▶ [DATA SEGMENT]:
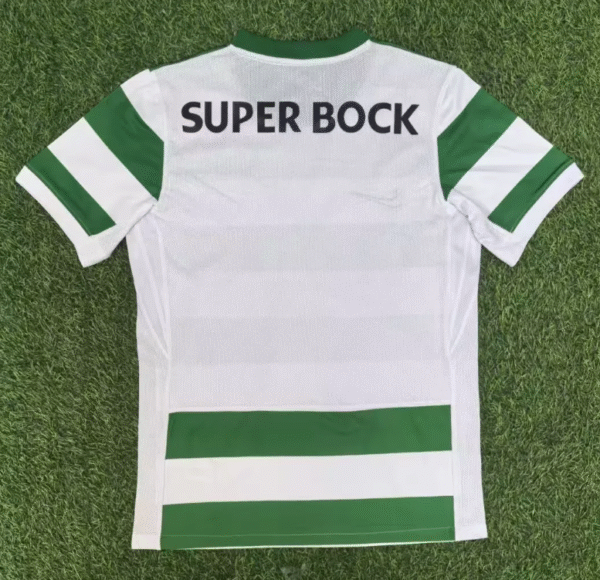 Lisbon home - Image 2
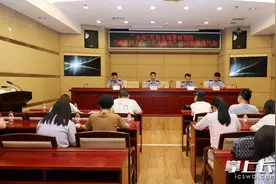 7月份已有106人终身禁驾！省公安厅交警总队召开新闻通气会图片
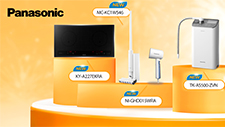 Panasonic Official Online Store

▶ [EXERCISE INSTRUCTIONS]: Could you print the listing above exactly, without the pictures?

▶ [WORKED SOLUTION]:
 Lisbon home - Image 2
 7月份已有106人终身禁驾！省公安厅交警总队召开新闻通气会图片
 Panasonic Official Online Store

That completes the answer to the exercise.